President Bush has often said he wants to create private investment accounts as part of the Social Security program because it would give Americans "ownership" of their government retirement funds.
On Friday, when members of Bush's Social Security commission began to debate the details of private investment accounts, it quickly became clear that the rights and privileges of ownership would be very limited. Among the restrictions discussed:
Investment options would be limited to five conservative index funds.
The distribution of a person's money among these optional funds could not be changed more than once a year.
It would take an average of 15 months for money taken out of a person's paycheck to be actually invested in an individual fund. In the interim, the cash would likely go into a common money market fund offering lower interest.
Workers would not be permitted to borrow from their fund, even in times of serious emergency. Nor could they take a lump-sum payment from the fund when they retire.
Divorced couples would be required to split in half the money invested and the earnings derived from those investments during the years they were married.
None of these restrictions are guaranteed to become law. The 16-member commission will make recommendations to Bush in December, and then the president is expected to give the report to Congress as a blueprint for reforming Social Security.
But commission members said these limitations would be necessary if Congress decides to allow Americans to set aside a small portion of their Social Security payroll taxes to invest in private investment accounts, as Bush has proposed. Without them, commission members said, the plan would be too expensive to administer and would not create a reliable retirement income for American workers.
Critics of the president's initiative have long argued that the high administrative costs of such a program would deprive investors of a good return. But members of the commission estimated that such a fund could be administered for a cost to individual investors of $13 a year.
"We can do this at a relatively low cost," said Robert C. Pozen, a commission member who also is vice chairman of Fidelity Investments.
Bush proposed the creation of private accounts as a way to improve the solvency of the program, which is expected to slip into the red in 2016 as a growing number of baby boomers retire. Experts think the income generated by private investments would compensate future retirees for what will be a necessary cut in the standard retirement benefits.
Former Sen. Daniel P. Moynihan said the commission's plan also could remedy the current inequities in the Social Security system, which allow many retirees _ most of them women _ to live in poverty.
Not only does the commission favor allowing men and women to evenly split their investment income upon divorce, but it also seems inclined to allow women who leave the work force during their child-bearing years to continue contributing to their investment accounts while unemployed.

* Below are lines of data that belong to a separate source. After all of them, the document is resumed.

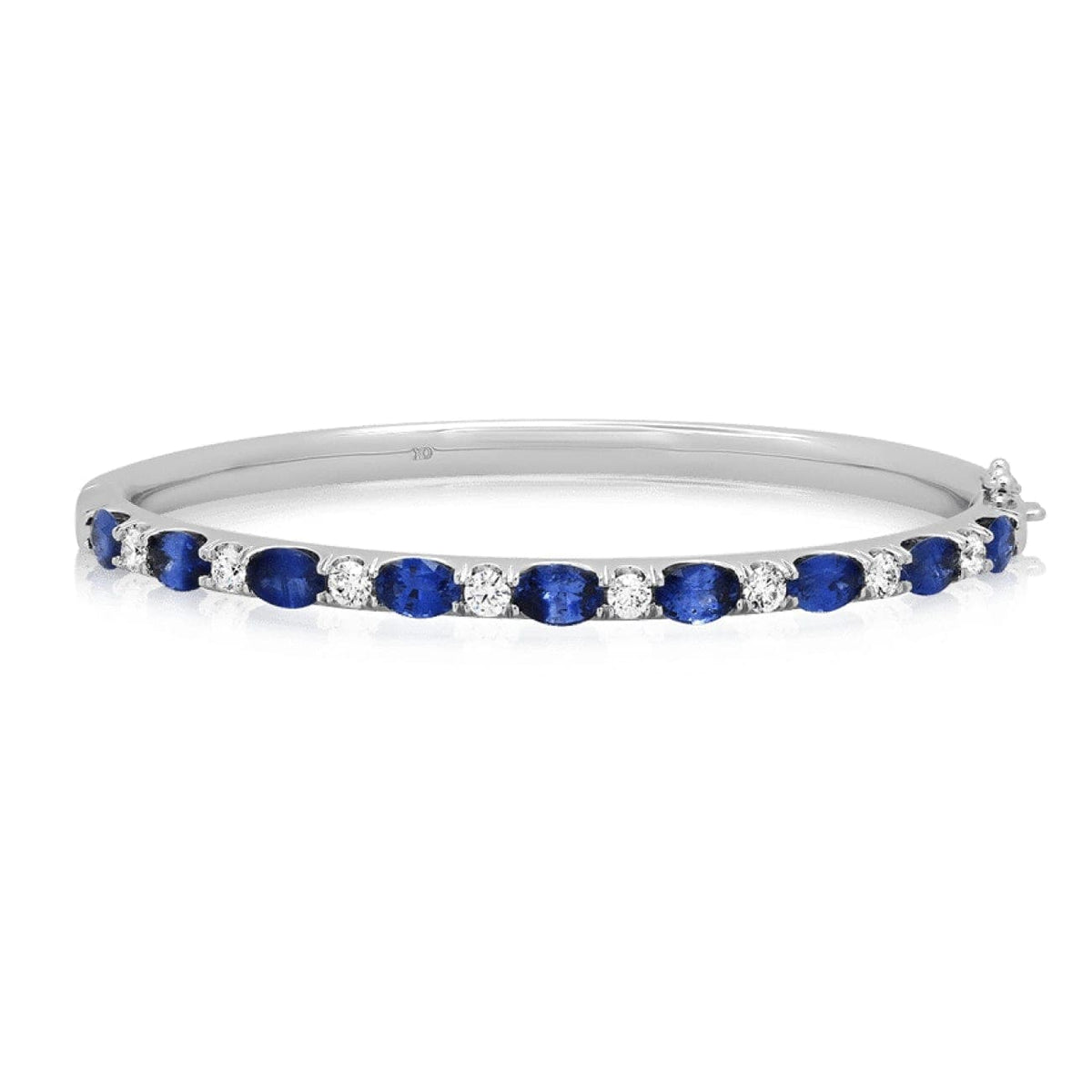 Xo Jewels Jewelry - Oval Sapphire & Round Diamond Bangle Bracelet | Manfredi Jewels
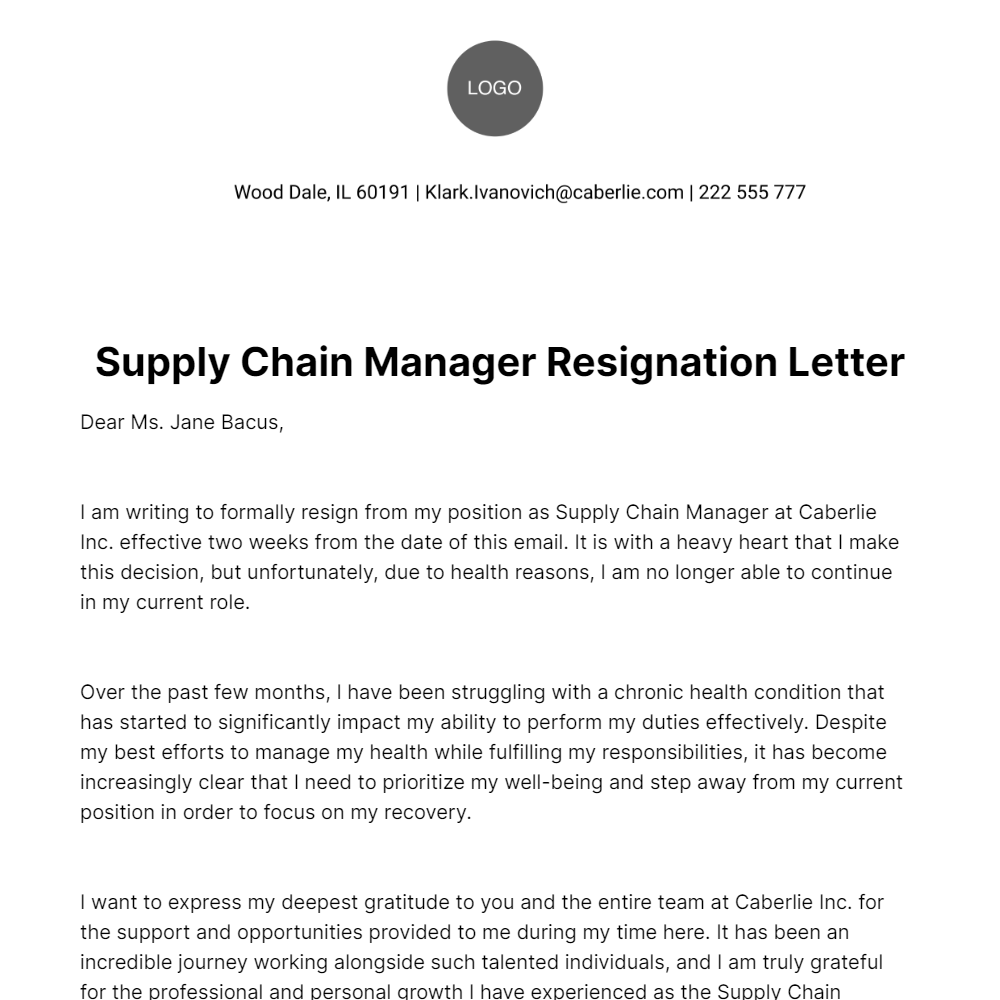 Free Supply Chain Manager Resignation Letter  Template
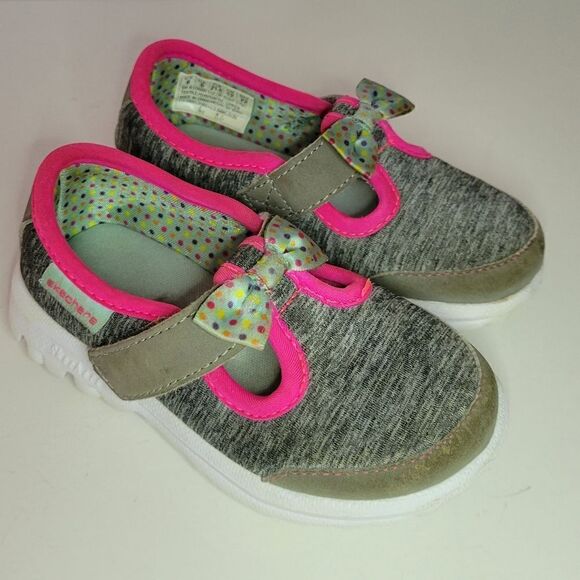 SKECHERS Girl's Gray-Pink GoWalk Bitty Bow Shoes - Picture 7 of 11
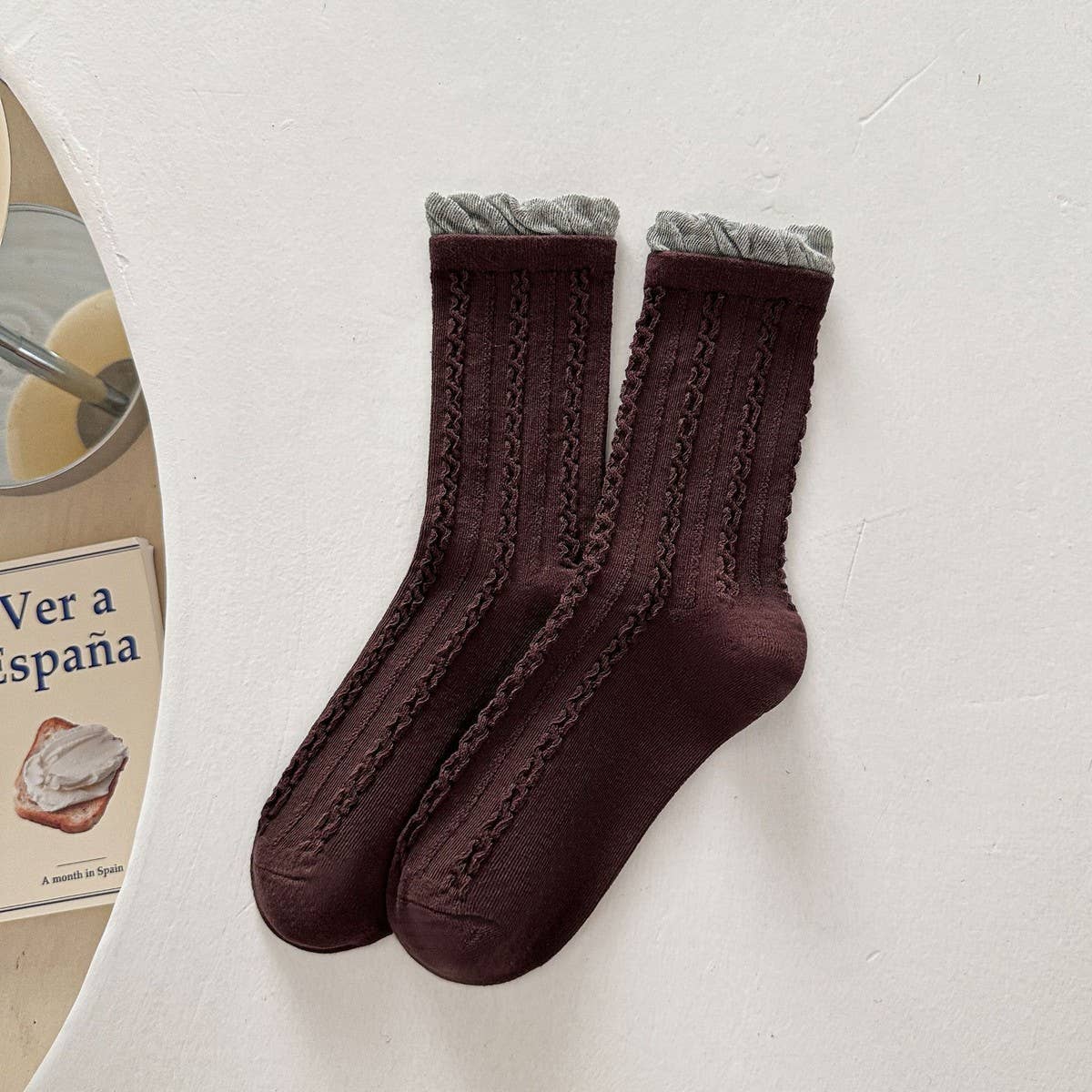 Twist Lace Ruffle Crew Socks For Women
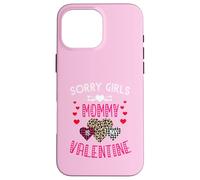 Sorry Girls Mommy is My Valentine Cœurs léopard et Plaid Coque pour iPhone 16 Pro Max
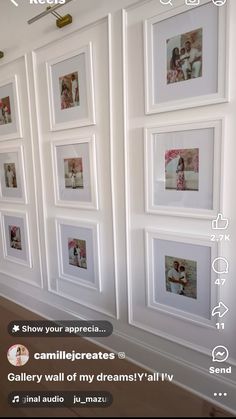 a wall with many pictures on it and the caption reads, show your apprecias gallery wall of my dreams / all iv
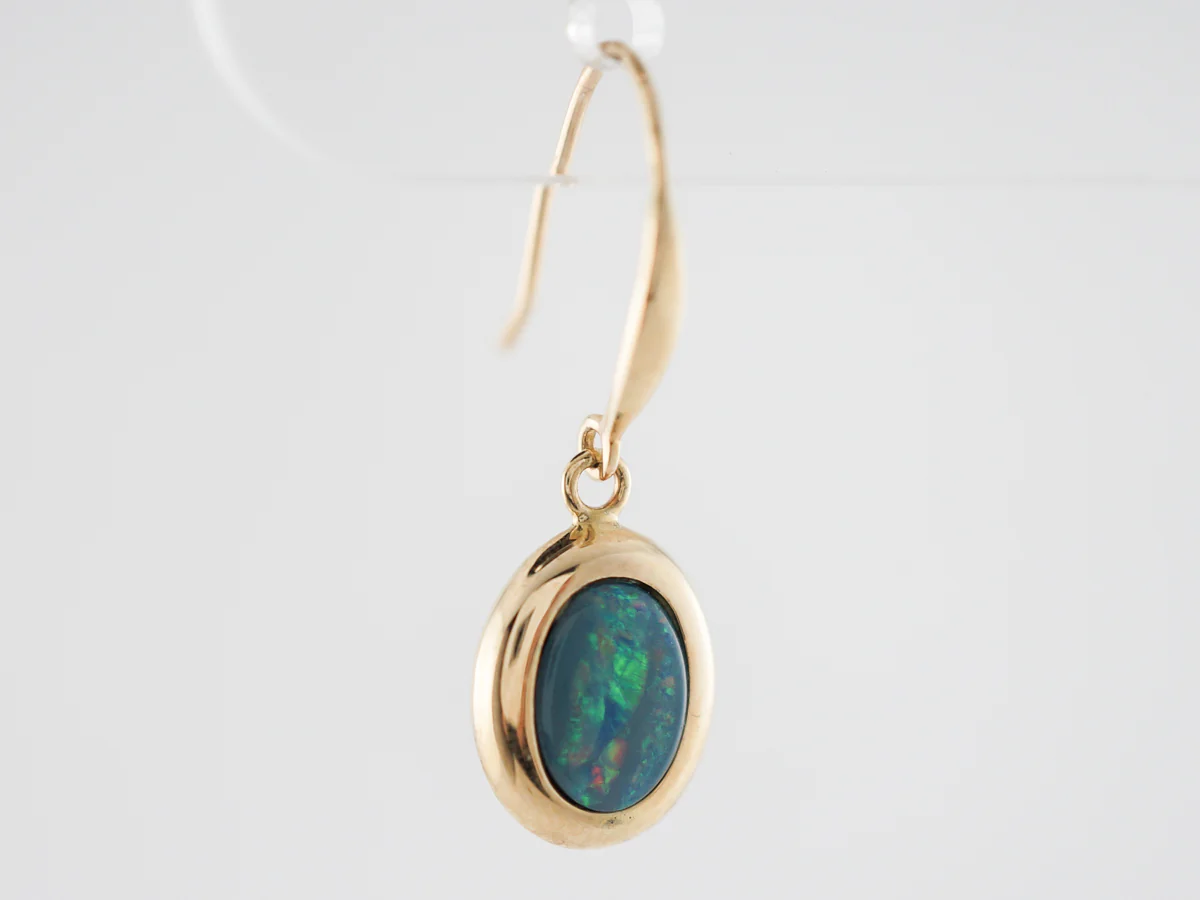 Vintage Earrings Retro 2.00 Cabochon Cut Opals in 14k Yellow Gold - Image 4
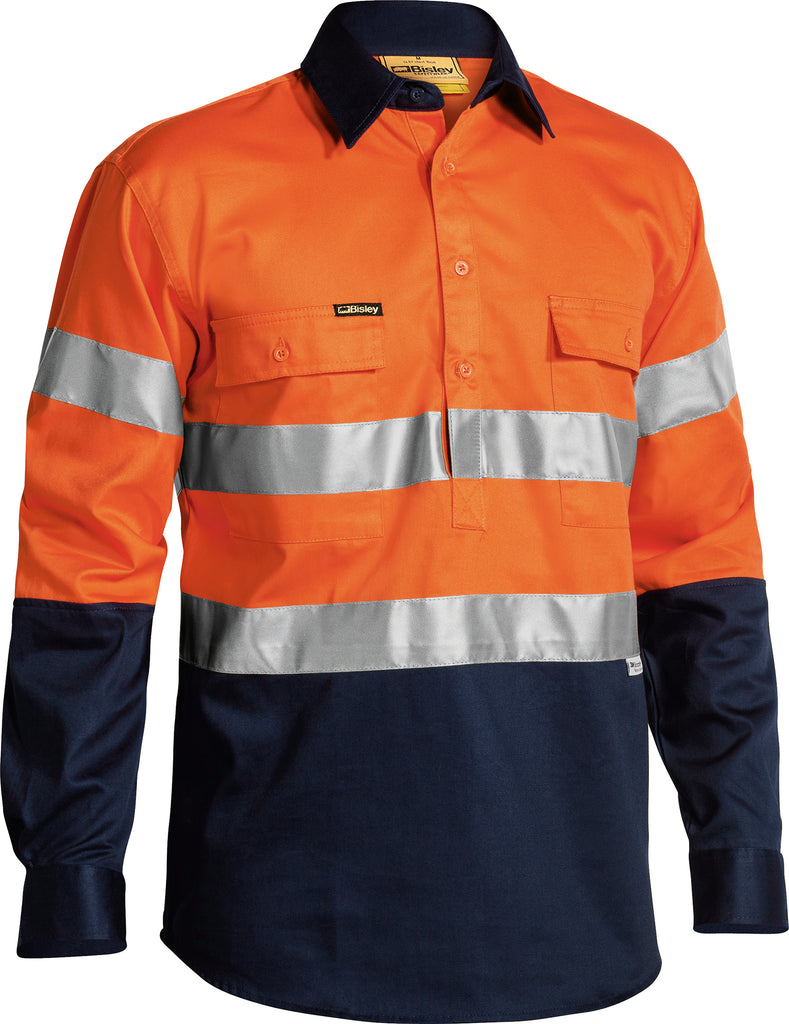 Taped Hi-Vis Bisley Closed Front Drill Shirt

At present, according to Robert Johnson, a commission member and chairman of BET Entertainment, white American families have an average net worth of $300,000 while African-American families average only $30,000. He said private accounts would increase the personal wealth of African-Americans, and teach inexperienced investors how to create their own investment portfolios.
Not all of the commission members supported imposing strict limitations on the private accounts. Johnson said he thought investors should be allowed to borrow from the funds in times of emergency or to withdraw all of their assets upon retirement if they wanted to start a new business.
But several members disagreed with Johnson, saying that lump-sum withdrawals or loans from the funds would undermine the primary purpose of the program, which is to finance retirement, and reinforce the criticism of those who have portrayed the creation of private accounts as a risky scheme.
Although some members expressed disappointment with the proposed 15-month lag in the time it would take for the government to deposit payroll taxes into private investment accounts, former Rep. Bill Frenzel, a commission member who works as a guest scholar at the Brookings Institution, said the delay is necessary in order to avoid imposing more federal paperwork requirements on small business owners.
Basically, the commission's proposal is patterned on the current 401(k) retirement investment program provided for federal workers. But many important elements of the commission's plan are still to be decided. For example, commission members have not yet disclosed what percentage of payroll taxes they would allow to be invested in private accounts. Many experts have talked about limiting it to 2 percent.
Nor have commission members decided how they would modify regular Social Security benefits for future retirees in order to save money and guarantee the solvency of the fund beyond 2016.
Although most Democrats oppose creating private accounts as part of the Social Security system, the commission members are evenly divided between Democrats and Republicans. All of the appointees to the commission are advocates of private accounts.
At the start of Friday's meeting, several Democratic commission members challenged their party to stop simply criticizing the idea of private accounts and, instead, offer a realistic alternative. "We have to go beyond pandering and demagoguery," said Sam Beard, a Democrat and founder of a group known as Economic Security 2000.